To ensure that any American missile defense could be overwhelmed, Russia would keep as many nuclear warheads on hair-trigger, launch-on-warning alert as possible. This would increase the risk of an accidental or unauthorized Russian launch, arguably already the greatest threat to U.S. national survival.

Ironically, standard military worst-case assessments of a U.S. national missile defense by the Russian military could evoke these reactions even if more realistic analyses indicated that the missile defense would be unlikely to intercept even a few warheads. (Although a U.S. missile defense could eventually be tuned to work against U.S. target test missiles, few experts believe it would work the first time against foreign missiles equipped with even simple countermeasures.)

If the United States deployed missile defenses, Chinese and Russian missiles would certainly be equipped with countermeasures. As a result, even a few missiles, launched accidentally or without authorization, could penetrate the system. This simple fact has, in the past, sufficed to convince the United Staes that it would be pointless to deploy missile defenses.

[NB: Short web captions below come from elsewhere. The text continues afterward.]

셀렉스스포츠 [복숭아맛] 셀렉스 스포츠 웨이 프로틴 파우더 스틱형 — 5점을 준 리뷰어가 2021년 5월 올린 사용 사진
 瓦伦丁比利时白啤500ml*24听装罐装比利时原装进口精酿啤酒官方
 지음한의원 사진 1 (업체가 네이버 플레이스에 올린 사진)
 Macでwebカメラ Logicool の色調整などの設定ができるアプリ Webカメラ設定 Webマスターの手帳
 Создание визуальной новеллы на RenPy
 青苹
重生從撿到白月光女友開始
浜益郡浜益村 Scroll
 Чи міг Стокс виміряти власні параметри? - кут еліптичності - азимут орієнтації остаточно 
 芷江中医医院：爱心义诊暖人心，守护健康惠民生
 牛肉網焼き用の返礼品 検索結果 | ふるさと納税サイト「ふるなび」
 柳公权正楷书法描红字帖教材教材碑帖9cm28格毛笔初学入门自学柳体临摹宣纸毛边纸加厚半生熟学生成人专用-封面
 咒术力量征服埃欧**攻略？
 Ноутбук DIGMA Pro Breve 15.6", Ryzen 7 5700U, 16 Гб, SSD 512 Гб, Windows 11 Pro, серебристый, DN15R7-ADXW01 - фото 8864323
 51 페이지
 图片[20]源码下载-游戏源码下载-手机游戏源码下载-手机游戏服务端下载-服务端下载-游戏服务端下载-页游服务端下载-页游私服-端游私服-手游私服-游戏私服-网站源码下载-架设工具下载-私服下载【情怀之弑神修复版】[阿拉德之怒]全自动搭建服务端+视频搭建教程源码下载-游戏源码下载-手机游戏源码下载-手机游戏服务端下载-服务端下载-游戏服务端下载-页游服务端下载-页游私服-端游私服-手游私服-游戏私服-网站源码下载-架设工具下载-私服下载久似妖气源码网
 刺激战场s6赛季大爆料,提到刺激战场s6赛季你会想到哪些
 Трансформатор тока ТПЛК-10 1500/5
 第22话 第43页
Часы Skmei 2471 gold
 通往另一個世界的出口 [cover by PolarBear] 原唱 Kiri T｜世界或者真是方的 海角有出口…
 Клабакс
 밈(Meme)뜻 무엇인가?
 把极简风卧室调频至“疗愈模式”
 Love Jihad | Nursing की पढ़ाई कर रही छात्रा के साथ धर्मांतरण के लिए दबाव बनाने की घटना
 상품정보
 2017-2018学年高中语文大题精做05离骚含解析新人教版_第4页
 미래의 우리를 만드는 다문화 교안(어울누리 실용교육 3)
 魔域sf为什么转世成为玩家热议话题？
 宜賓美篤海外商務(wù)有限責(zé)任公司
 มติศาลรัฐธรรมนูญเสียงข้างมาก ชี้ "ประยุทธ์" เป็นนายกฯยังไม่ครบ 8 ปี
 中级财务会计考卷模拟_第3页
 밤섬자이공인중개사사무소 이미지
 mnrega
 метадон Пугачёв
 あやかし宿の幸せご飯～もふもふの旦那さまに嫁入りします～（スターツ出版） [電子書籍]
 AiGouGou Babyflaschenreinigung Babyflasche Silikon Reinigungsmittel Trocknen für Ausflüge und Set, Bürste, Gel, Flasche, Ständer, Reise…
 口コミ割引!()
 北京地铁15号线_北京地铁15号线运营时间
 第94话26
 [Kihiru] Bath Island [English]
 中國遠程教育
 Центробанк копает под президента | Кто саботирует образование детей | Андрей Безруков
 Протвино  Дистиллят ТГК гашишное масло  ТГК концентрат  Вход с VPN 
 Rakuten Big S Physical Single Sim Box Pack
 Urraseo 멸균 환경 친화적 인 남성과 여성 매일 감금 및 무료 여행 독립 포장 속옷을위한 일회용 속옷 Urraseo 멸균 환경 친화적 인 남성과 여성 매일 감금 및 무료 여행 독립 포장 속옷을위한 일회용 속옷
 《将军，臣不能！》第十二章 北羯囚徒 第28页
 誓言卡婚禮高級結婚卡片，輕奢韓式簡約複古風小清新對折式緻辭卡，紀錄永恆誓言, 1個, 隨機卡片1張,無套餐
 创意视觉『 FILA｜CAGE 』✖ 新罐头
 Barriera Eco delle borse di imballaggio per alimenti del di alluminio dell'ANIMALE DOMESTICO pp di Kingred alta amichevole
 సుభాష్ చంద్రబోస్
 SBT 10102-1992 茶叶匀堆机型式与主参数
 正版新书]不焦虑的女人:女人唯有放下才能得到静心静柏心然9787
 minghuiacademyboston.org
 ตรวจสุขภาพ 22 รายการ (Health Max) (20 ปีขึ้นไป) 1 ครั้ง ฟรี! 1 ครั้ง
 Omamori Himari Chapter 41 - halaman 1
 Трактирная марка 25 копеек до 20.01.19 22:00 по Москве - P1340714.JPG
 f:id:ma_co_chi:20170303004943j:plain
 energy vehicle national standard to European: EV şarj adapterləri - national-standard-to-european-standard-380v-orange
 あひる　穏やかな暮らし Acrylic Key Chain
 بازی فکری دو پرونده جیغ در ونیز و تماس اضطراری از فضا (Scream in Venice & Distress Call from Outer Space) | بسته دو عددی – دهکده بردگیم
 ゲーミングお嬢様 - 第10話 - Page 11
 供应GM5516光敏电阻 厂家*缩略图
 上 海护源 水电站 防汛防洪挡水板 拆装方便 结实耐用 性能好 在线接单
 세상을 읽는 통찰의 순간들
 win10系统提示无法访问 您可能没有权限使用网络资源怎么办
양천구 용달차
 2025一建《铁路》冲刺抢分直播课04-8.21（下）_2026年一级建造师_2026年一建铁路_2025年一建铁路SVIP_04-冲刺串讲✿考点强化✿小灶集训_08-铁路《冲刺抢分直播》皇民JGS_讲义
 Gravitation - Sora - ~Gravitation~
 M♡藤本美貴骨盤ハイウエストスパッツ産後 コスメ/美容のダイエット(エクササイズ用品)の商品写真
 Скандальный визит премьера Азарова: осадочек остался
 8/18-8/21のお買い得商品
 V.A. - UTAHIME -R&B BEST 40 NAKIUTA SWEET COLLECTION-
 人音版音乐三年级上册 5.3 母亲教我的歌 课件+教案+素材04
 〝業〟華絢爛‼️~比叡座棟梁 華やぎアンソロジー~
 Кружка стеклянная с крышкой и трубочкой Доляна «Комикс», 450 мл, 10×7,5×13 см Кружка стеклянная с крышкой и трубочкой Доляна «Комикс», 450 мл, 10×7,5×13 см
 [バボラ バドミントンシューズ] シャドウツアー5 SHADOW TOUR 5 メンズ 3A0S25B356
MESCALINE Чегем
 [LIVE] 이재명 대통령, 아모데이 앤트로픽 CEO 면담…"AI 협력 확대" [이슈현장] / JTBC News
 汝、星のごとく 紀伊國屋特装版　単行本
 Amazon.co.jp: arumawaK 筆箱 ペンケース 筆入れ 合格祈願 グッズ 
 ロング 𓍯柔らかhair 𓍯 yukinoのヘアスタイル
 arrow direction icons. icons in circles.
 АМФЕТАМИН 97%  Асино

Negotiating a START III agreement with Russia would be a far more effective way to reduce the nuclear threat to the United States. Such an agreement would allow almost 4,000 Russian missile warheads to be removed from their launchers by the end of 2007.

This comparison between missile defense and negotiated reductions illustrates the difficult truth that each American administration has had to relearn: The most effective protection against nuclear weapons is to strengthen the nuclear nonproliferation and disarmament regime in cooperation with other like-minded nations. As both Russia and our West European allies have emphasized, these cooperative efforts would most likely be derailed by a U.S. decision to go it alone in pursuit of illusory defenses.

Bill Bradley has thus far been the only presidential candidate to warn against a precipitous decision on national missile defense. He has also broken ranks by advocating that the United States respond to Russia's concerns about the unequal impact of START II by agreeing to begin negotiations on deeper START III cuts.

Other national politicians should follow Bradley's example and think again about the momentous choice between missile defense and missile reductions. If they do not, the undoing of post-Cold War reductions of the nuclear danger is all too predictable.

Philipp Bleek is with the Federation of American Scientists. Frank von Hippel is a professor of public and international affairs at Princeton University.